Auf den philosophischen Begriff gebracht, heißt das: Der Mensch nach der Vollendung des Falls im Brudermord, das Geschlecht Kain wie das Geschlecht Seth, ist mit dem Mitmenschen zugleich identisch wie nichtidentisch. Er bleibt Bruder und ist doch von ihm getrennt, ist nicht mehr Bruder. Es ist keine Rede davon, daß durch die Versetzung in eine andere Existenzform, in die Trennung der Stämme, die Verbindlichkeit des Bruderseins irgendwie aufgehoben wäre. Die Frage „Wo ist dein Bruder Abel?” bleibt mit dem Kainsmal unverlöschbar eingebrannt. Aber ebensowenig ist die eingetretene und zugleich verordnete Trennung aus der Welt zu schaffen. Von da aus ist der Satz „homo homini lupus” ebenso irreal wie die


5 Vgl. Evangelisches Soziallexikon, Artikel „Gnade”.

|29|

Forderung vollkommener Brüderlichkeit. Die so eingetretene und fixierte Lage wollen wir als die Zwischenexistenz des Menschen bezeichnen.

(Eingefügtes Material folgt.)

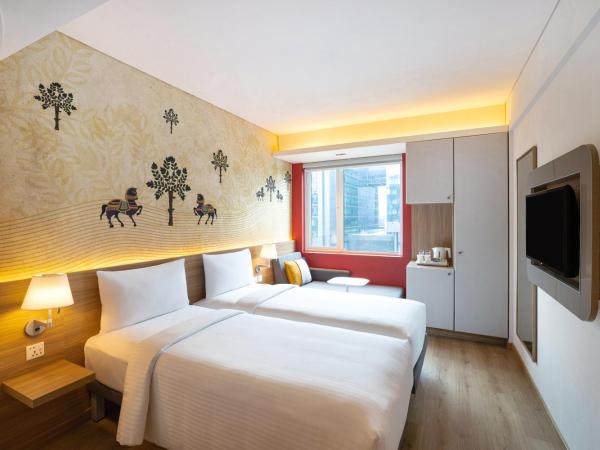 ibis Mumbai Vikhroli - An Accor Brand : photo 9 de la chambre standard twin room with extra benefits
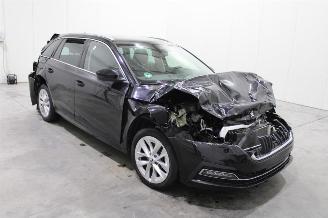 Skoda Octavia  picture 3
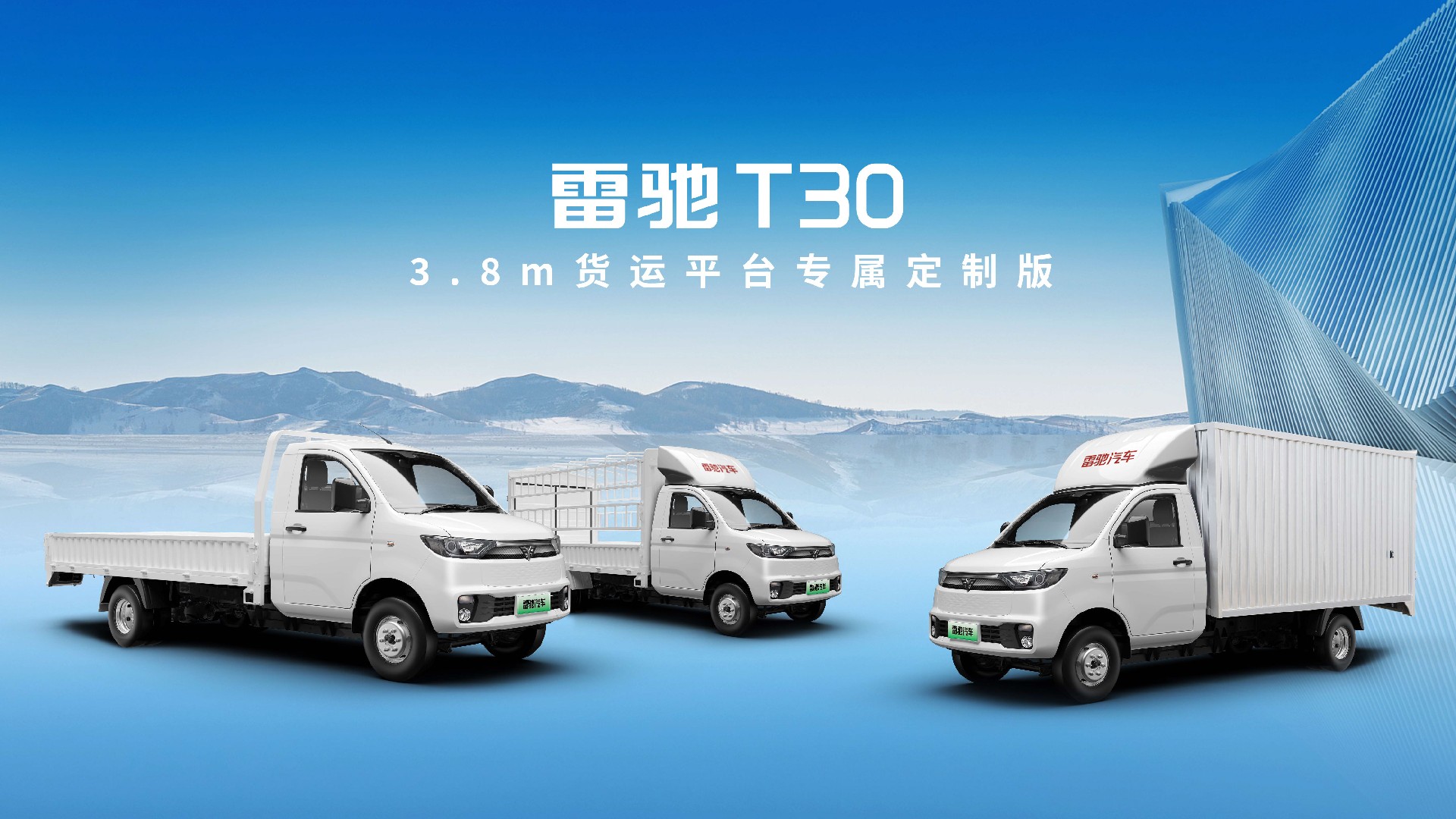 雷馳T30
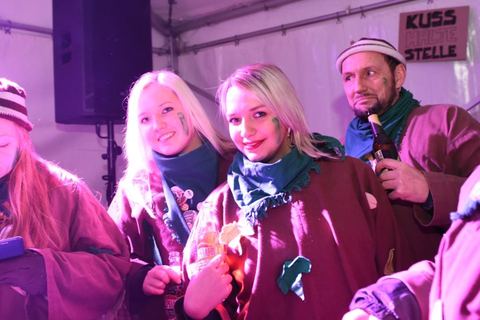Bild 5 von 15: Jubiläum Narrenparty 2017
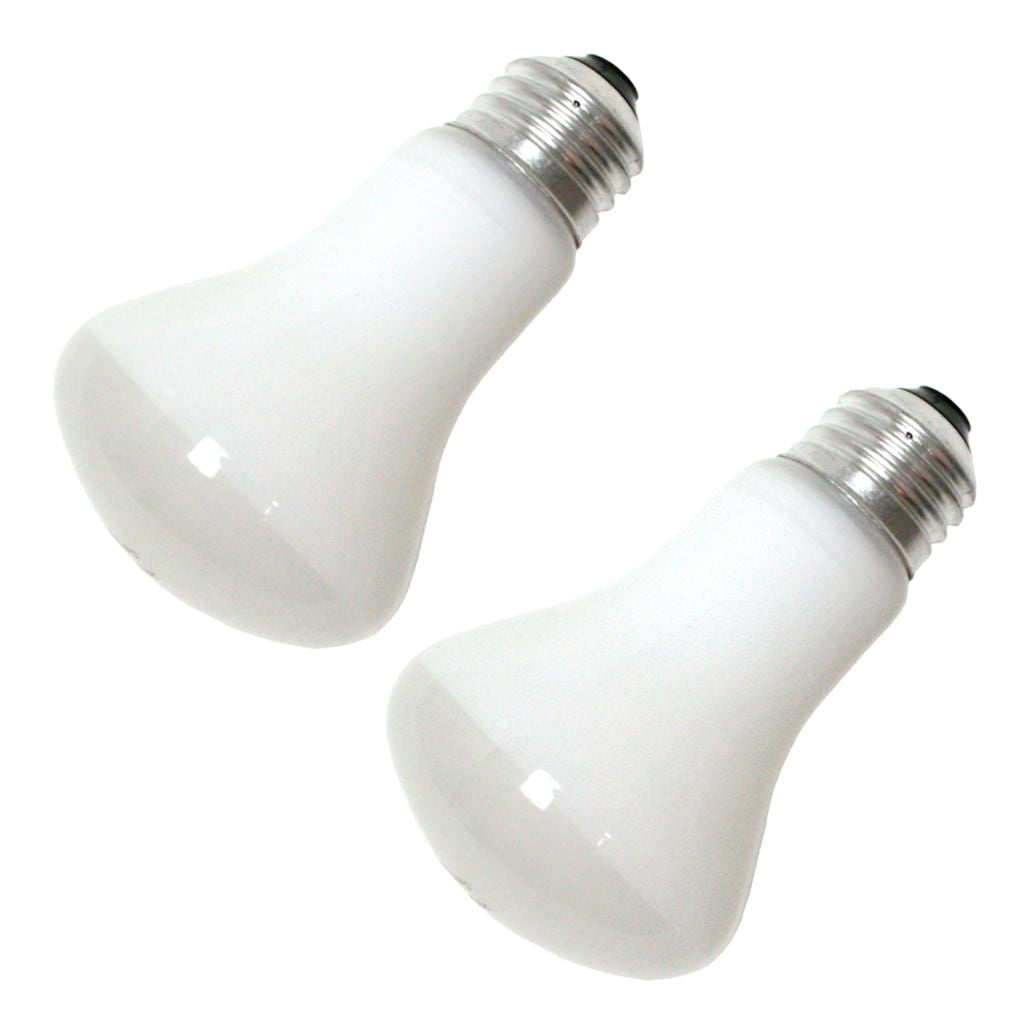 Philips 224865-60K19/DL Reflector Flood Light Bulb 2 Pack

Von dieser Einsicht her ergeben sich sofort sehr präzise Maßstäbe für die Beurteilung der wesentlichen Strafrechtstheorien. Sie macht auf der einen Seite die absoluten Theorien grundsätzlich unmöglich, relativiert und begrenzt sie. Wer mit Kant beim Untergang der Welt noch den letzten Mörder hinrichten, wer mit Hegel die Negation der Negation vollziehen will — nach Edmund Mezger das Tiefste, was über die Strafe bisher gesagt worden ist —, meint nun eben doch mit diesem Handeln etwas metaphysisch Bedeutsames tun zu können — genau das, was das Kainszeichen ausschließt. Aber auch die relativen Theorien werden nicht weniger begrenzt, in Frage gestellt. In ihrer Zweckhaftigkeit umgehen sie Schuld und Verantwortlichkeit, machen sie lediglich den Menschen zum Objekt ihrer Berechnung. Hätte man nur Gewißheit, daß die Tat sich nicht wiederholte, so würde man jede Tat ungestraft übersehen. Im Rechtsstrafrecht gewinnen Tat und Strafe metaphysisch-absolute Bedeutung, im Zweckstrafrecht verlieren sie jeden eigenen Gehalt.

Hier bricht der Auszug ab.